▶ **REQUIRED ACTION**
Write out only the lines from the line containing "Hermes Osmose Ring" to the end of the listing below, both included, exactly as they stand. Drop the pictures.

▶ **EXTRACTED ENTRIES**
··········
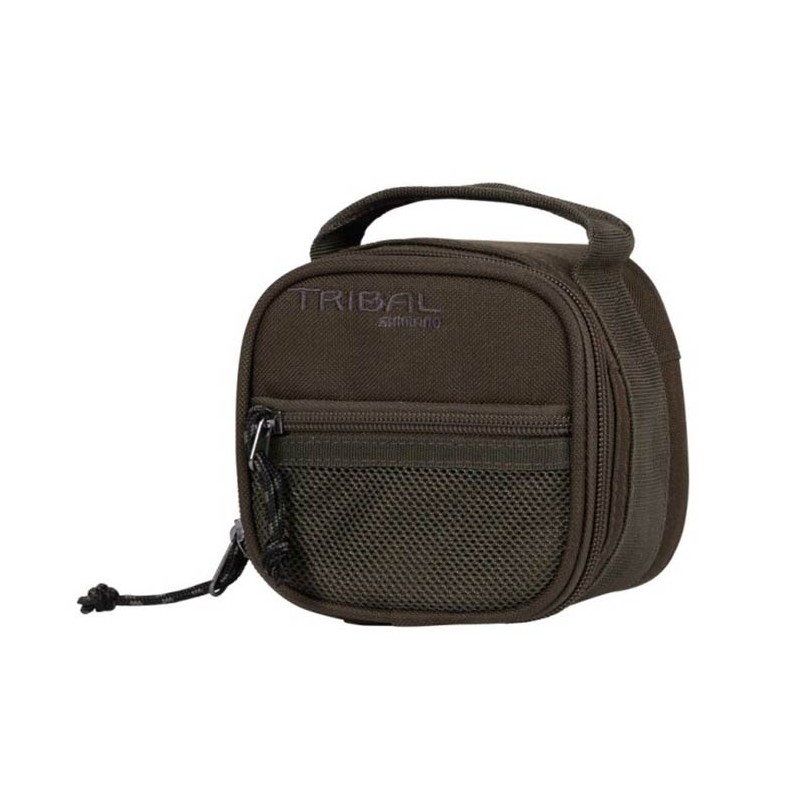 À Accessoires Shimano Tribal Small Accessory Bag – Sac – 13 X 12.5 X 9.5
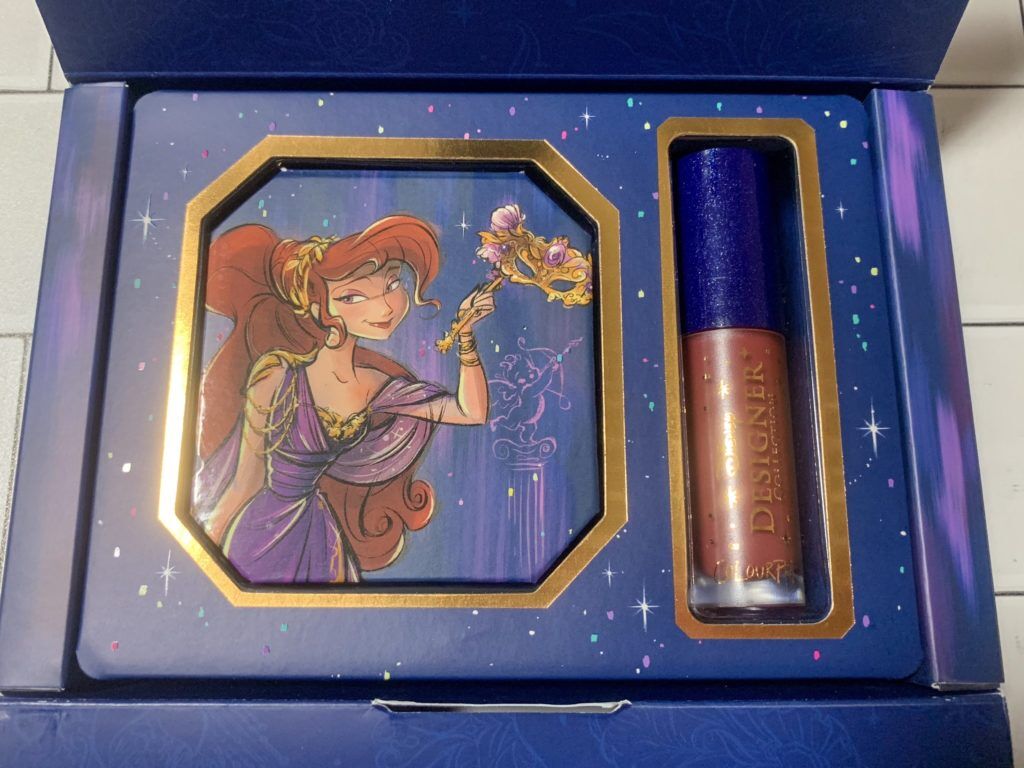 海外コスメ ディズニープリンセス Colourpop カラーポップ Disney Midnight Masquerade をゲット めめめとりっぷ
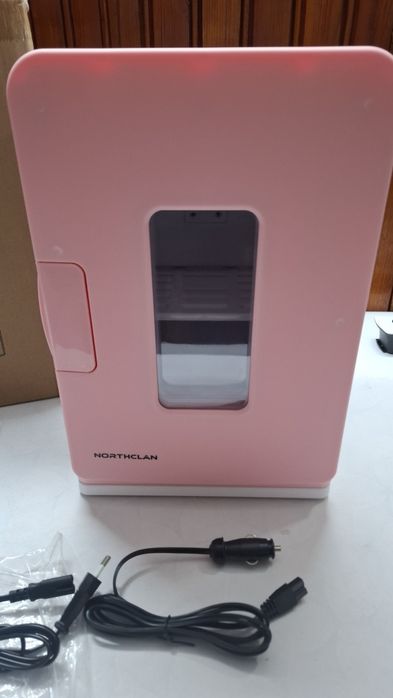 Мини хладилник NORTHCLAN 15 л, с 220 V AC/12 V DC,двоен режим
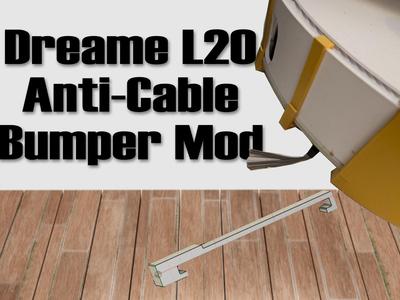 Dreame L20 Ultra Anti-Cable Bumper Mod
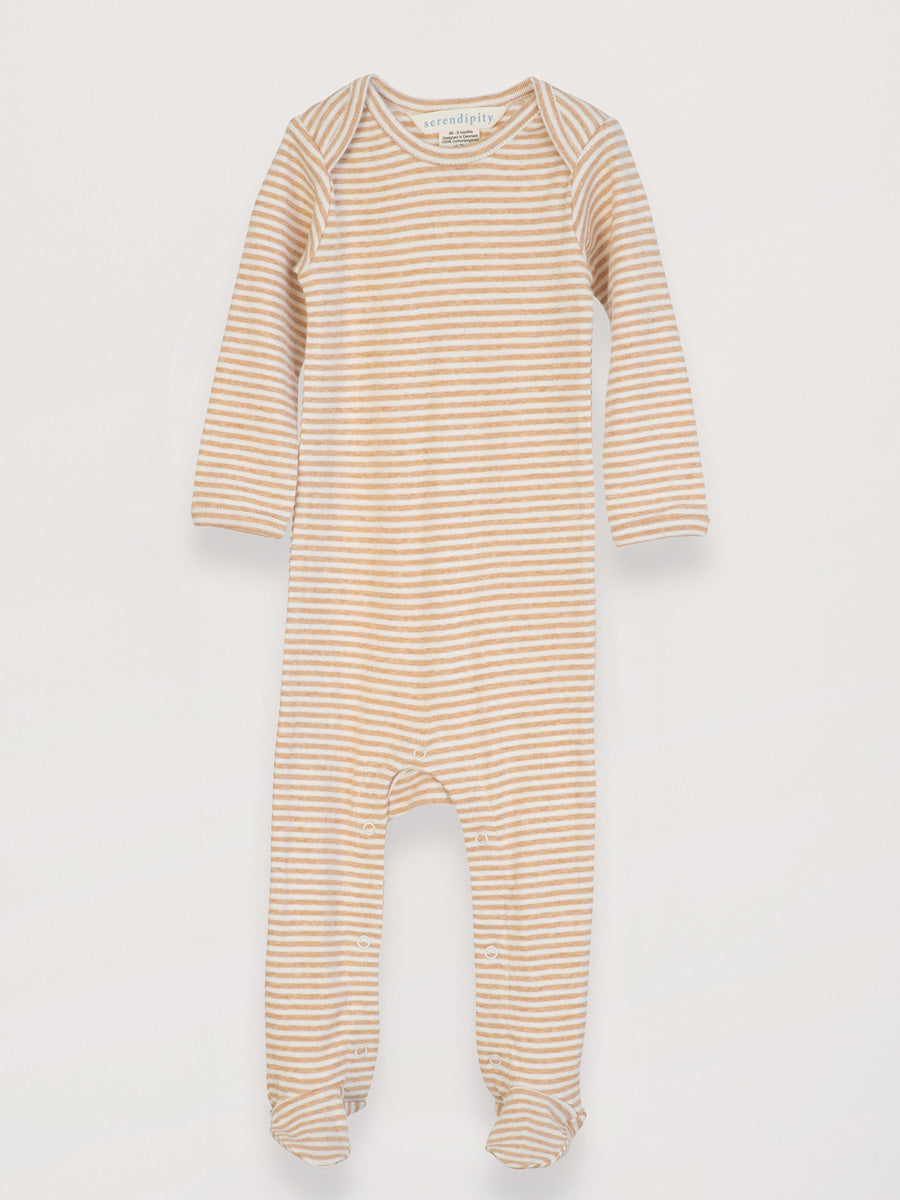 Serendipity-Organics Baby Suit Stripe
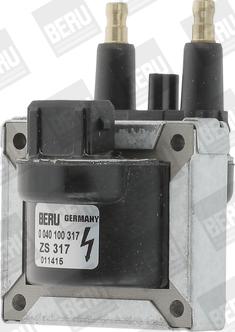 BorgWarner (BERU) ZS317 - Ignition Coil www.parts5.com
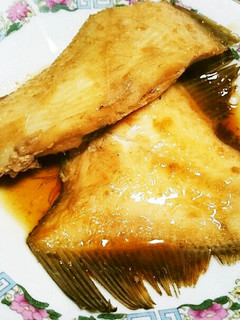 テリ感でご飯がすすむ♪カレイの煮付け-レシピのメイン写真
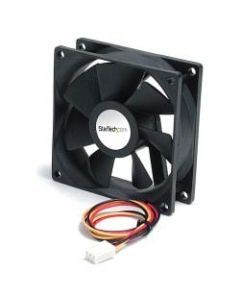 StarTech.com 92x25mm Ball Bearing Quiet Computer Case Fan w/ TX3 Connector - 92.5mm - 1600rpm Ball Bearing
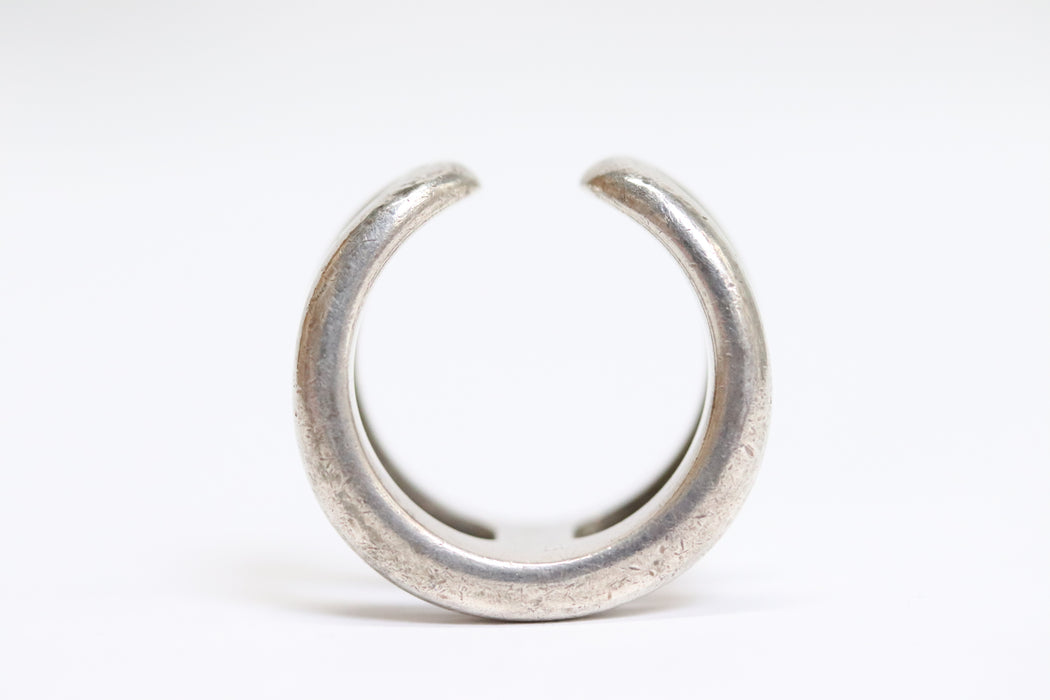 Hermes Osmose Ring PM 925 Size51 From Japan 218 6429922 - World Quickdo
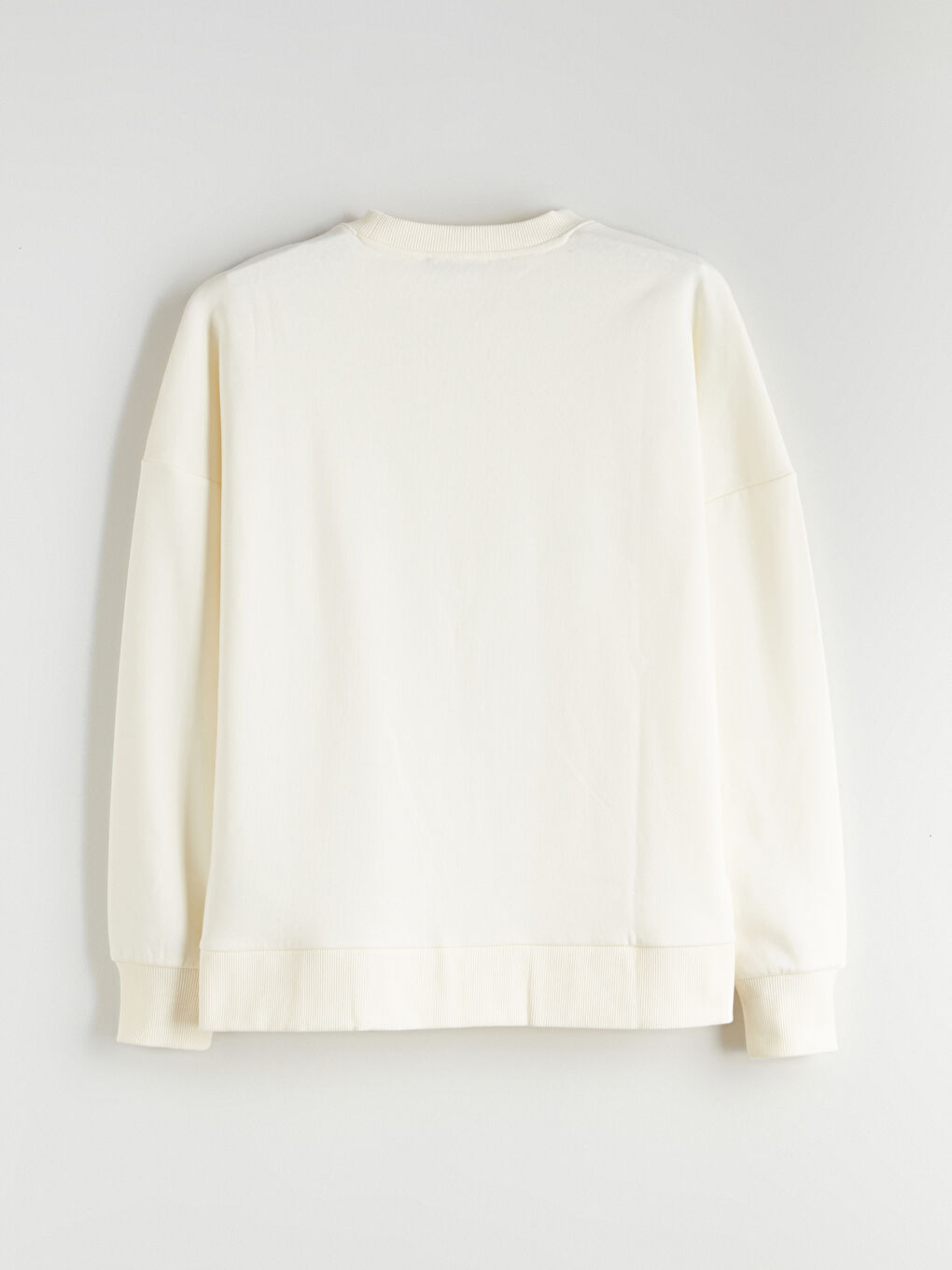 Printed Oversize Women's Thick Sweatshirt-6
··········
▶ **SOLUTION FOR THIS PROBLEM**
 Hermes Osmose Ring PM 925 Size51 From Japan 218 6429922 - World Quickdo
 Printed Oversize Women's Thick Sweatshirt-6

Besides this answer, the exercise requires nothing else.